Zooming in and out of a raster image can lead to unappealing graphs or even loss of information. Inaccuracies can also occur depending on the dataset’s dimensions.

Also Consider

Another way to store and analyze data is using a vector approach. Data Carpentry has a very useful online lecture about Raster and vector data.

Implementations

R

# if necessary
# install.packages(c('sf', 'raster', 'stars', 'ggplot2', 'dplyr'))

library(sf)
library(raster)
library(ggplot2)
library(dplyr)
library(stars)

#The package **stars** contains data that can be used as a good starting point on how to work with raster data. 
ob_tif = system.file("tif/L7_ETMs.tif", package = "stars")
ob = read_stars(ob_tif)
ob

As you can see above, ther is alot of information packed into raster objects. Near the bottom of the table you will see X and Y values. We can use a function from sf to quickly find the dimensions of the file.

st_bbox(ob)

#Now lets plot this information with the plot command with the raster package. 

plot(ob)

The next example will be using information from Harvard Forest and Quabbin Watershed NEON. This information is open to the public, but can be overwhelming. A single file can be found under the Data folder, then the Handling_Raster_Data folder.

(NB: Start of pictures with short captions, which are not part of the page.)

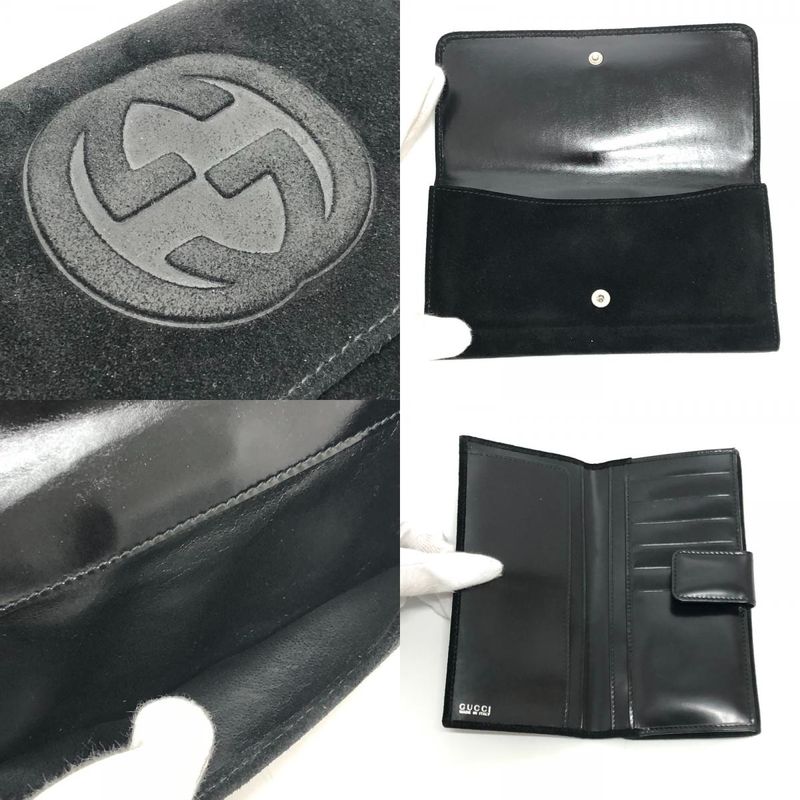 GUCCI Long Wallet Interlocking G Suede Enamel Black
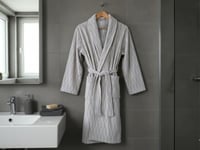 روب استحمام من نسج الجاكار القطني-رمادي-L-XL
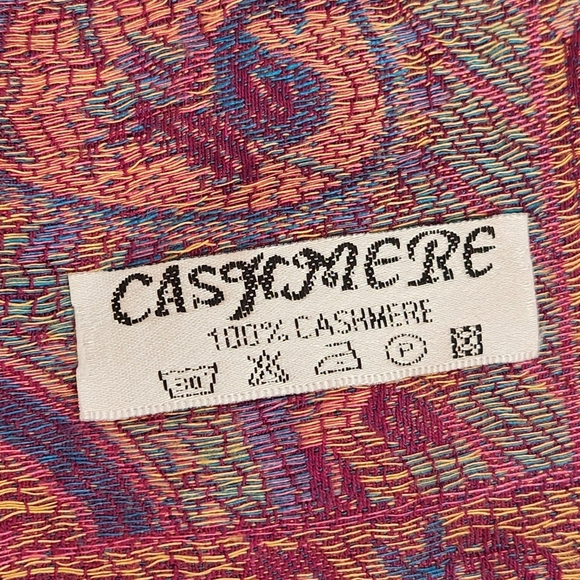 Pashmina Scarf Purple 100% Cashmere Paisley Floral Fringe Wrap Bohochic Gift - Picture 2 of 13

harv = raster("https://github.com/LOST-STATS/lost-stats.github.io/blob/master/Geo-Spatial/Data/Handling_Raster_Data/HARV_dsmCrop.tif")

harv

There is a lot of meta data tied to every raster file. Note the line starting with CRS. This contains the bulk to the infromation you may be interested in. Notice at the end of the CRS line you can see “+units=m”. This means this data is measured in meters.

summary(harv)

#Here is another way to summarize the data. If you are more interested in learning about min, max, and NAs, then using the summary command is better. Notice the error statement. There is way too much data, so R is picking a random sample of the data. The summary with all the data can be pulled with the commented-out command below.
# summary(harv, maxsamp = ncell(harv))

# In order to use this information in ggplot, we will need to turn this data into a dataframe. 
harv_m = as.data.frame(sanj, xy = TRUE)
str(harv_m)

#str command gives you a quick third way to summarize the data. The raster data was turned into a dataframe with the X, Y, and fill(HARV_dsmCrop) as their own variables. 
ggplot() + 
  geom_raster(data = sanj_m, aes(x=x, y=y, fill=HARV_dsmCrop)) + 
  scale_fill_viridis_c()

#Look at this beautiful graph! 
#scale_fill_viridis_c() is a command in ggplot2 that is color blind friendly.